Есть ценная истина, хорошо формулированная певцом Ветра, Моря и человеческих
глубин, Шелли: ‘Человек не может сказать — я хочу написать создание Поэзии.
Даже величайший поэт не может этого сказать, потому что ум в состоянии
творчества является как бы потухающим углем, который действием невидимого
влияния, подобно изменчивому ветру, пробуждается для преходящего блеска. Эта
сила возникает из недр души, подобно краскам цветка’.
Современный стих легко забывает, слишком часто не помнит, что нужно
быть как цветок, для того чтобы чаровать, корнями быть в темных глубинах
внесознательного, долго быть в испытующих недрах Молчания, прежде чем,
раскрыв свою чашу, быть влюбленником Луны, и главное, главное, пламенником
Солнца. Лишь тогда оправдывается вещее сказание Скандинавов, что творческий
напиток, делающий человека скальдом, состоит из крови полубога и пьянящего
меда <...>.
ПРИМЕЧАНИЯ
Эта работа издавалась отдельной книгой, первое издание — в 1915 г. /М.:
Скорпион/. Публикуется в сокращенном виде по изданию 1922 г. /М.: Задруга/.

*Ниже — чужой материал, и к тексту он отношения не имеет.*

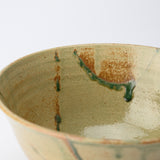 Musashi Kiln Brown Water Plant Mino Ware Ramen Bowl M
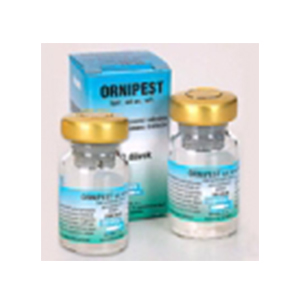 ORNIPEST lyoph. ad us. vet. (Poultry Vaccines)
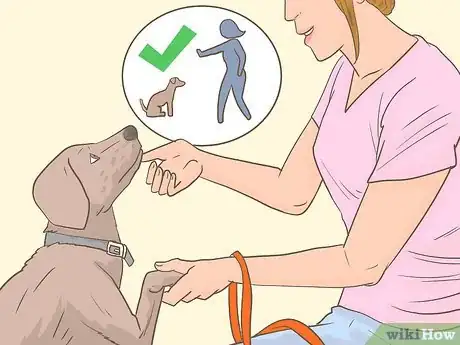 Image titled Get an Emotional Support Animal Letter Step 12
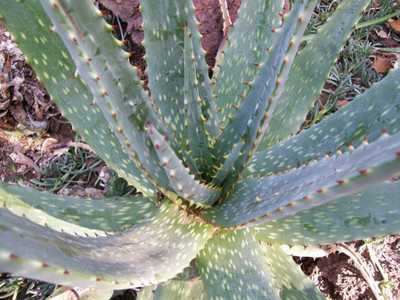 Aloe esculenta is a gorgeous, large growing aloe from Angola with a tight, upright rosette with wavy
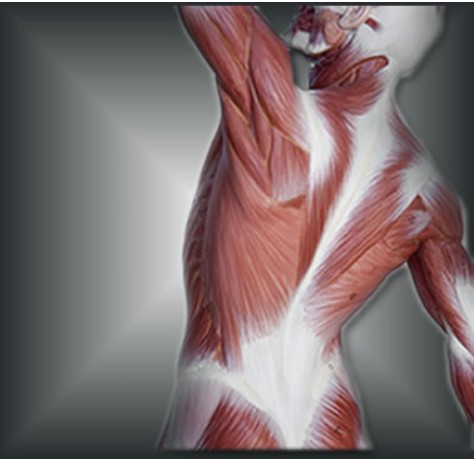 Vinaora Nivo Slider 3.x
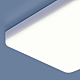 Потолочный светильник Elektrostandard DLS043 10W 4200K a047941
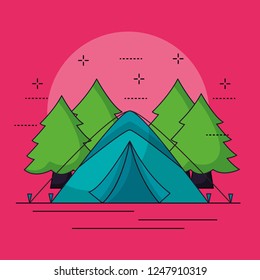camping summer related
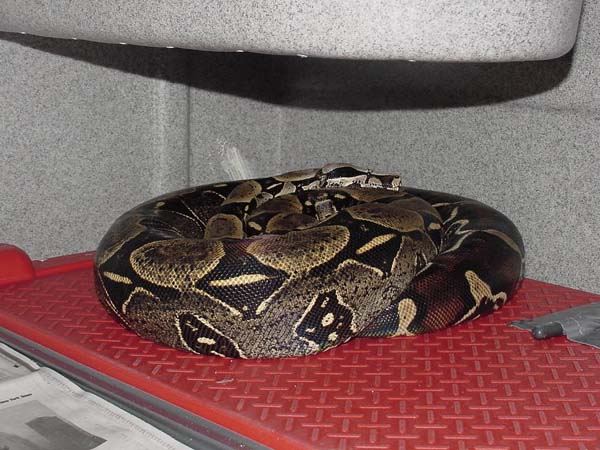 Breeding Peruvians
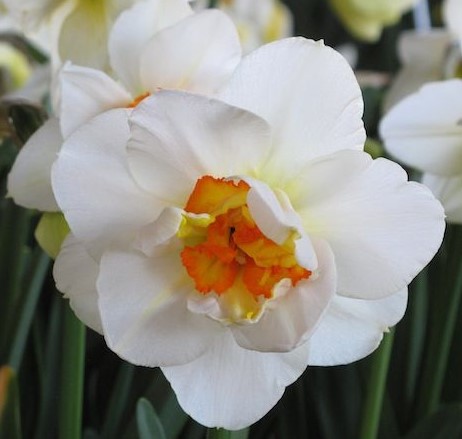 Narciss 'Flowerdrift'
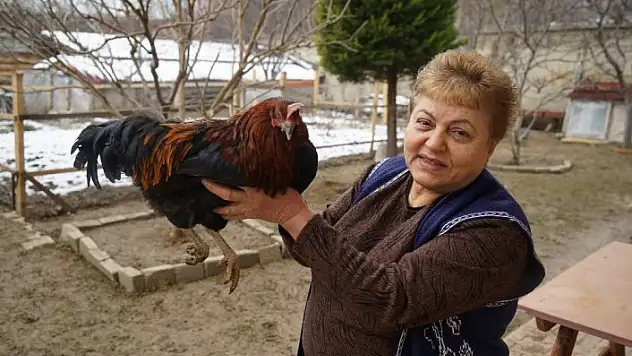 Bahçesinde beslediği tavuk horoza dönüştü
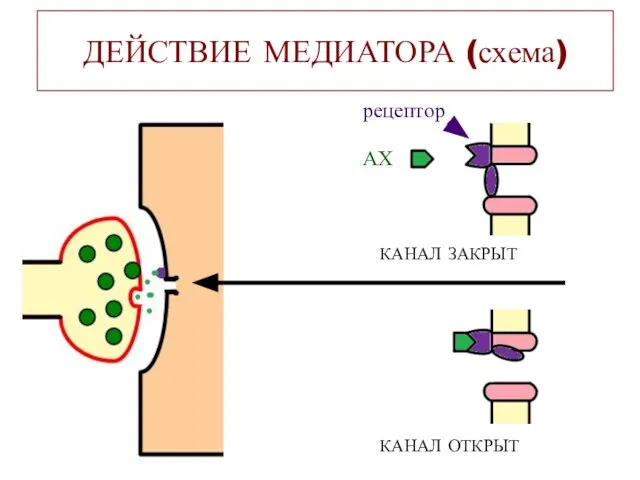 ДЕЙСТВИЕ МЕДИАТОРА (схема) АХ рецептор КАНАЛ ЗАКРЫТ КАНАЛ ОТКРЫТ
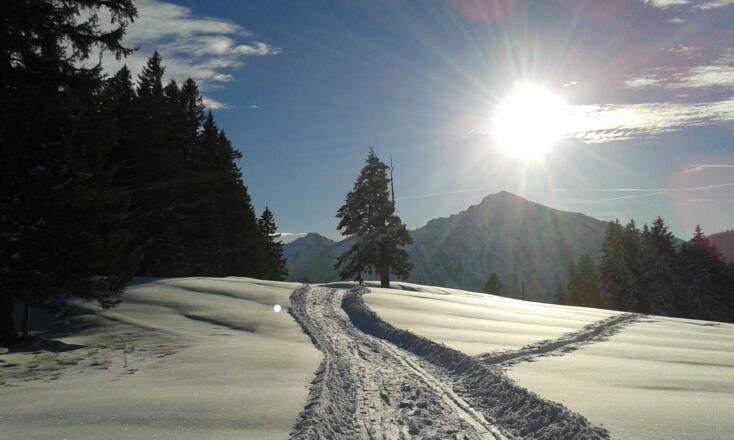 Winterwanderung , Wahlmoos, Weg zur Aueralm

Осмыслялась автором как программная. Разрабатывая своего рода трактат о
поэзии, Бальмонт привлек обширный материал из мифологии народов Центральной
и Южной Америки, древней Индии /’Веды’/, древнего Египта, Скандинавии,
русского народного творчества, эпических сказаний: ‘Эдда’ /сканд./,
‘Калевала’ /карело-финский эпос/, упоминает героев и персонажей этих
произведений и т. д. Вместе с тем суждения автора носят субъективный
характер, они не выдерживают научной критики /например, попытка закрепить за
отдельными звуками определенный смысл/. Однако они должны учитываться при
изучении поэтических принципов, которыми руководствовался Бальмонт в своем
творчестве, так как могут прояснить некоторые особенности его поэзии и
работы над стихом.
В начале было Слово — этим изречением начинается ‘Евангелие от
Иоанна’… в начале был Пол — это положение развивал в своих трудах русский
философ и писатель В. В. Розанов /1856-1919/. Эдгар По — см. примеч. к
стихотворению ‘Эдгар По’, Гераклит, Демокрит — древнегреч. философы. Напев с
баюканьем дремотным… — стихотворение Э. По. Фет сказал… — цитируется
стихотворение А. А. Фета /1820-1892/ ‘Как беден наш язык: хочу и не
могу…’. Поэт, который знаменит <...> и мало известен… — имеется в виду
Фет, далее цитируются его стихотворения ‘За кормою струйки вьются…’,
‘Зеркало в зеркало, с трепетным лепетом…’, ‘Буря на море вечернем…’.
Вагнер — Рихард Вагнер /1813-1883/ — немецкий композитор. И Музы которого…
— имеется в виду стихотворение Фета ‘Муза’ /’Не в сумрачный чертог Наяды
говорливой…’/. Шелли — см. примеч. к стихотворению ‘К Шелли’. Вячеслав
Иванов /1866-1949/ — поэт-символист. Юргис Балтрушайтис /1873-1944/ —
поэт-символист, писавший на литовском и русском языках, ближайший друг
Бальмонта, цитируются его стихотворения ‘Неизгладимая печать’, ‘Венчание’.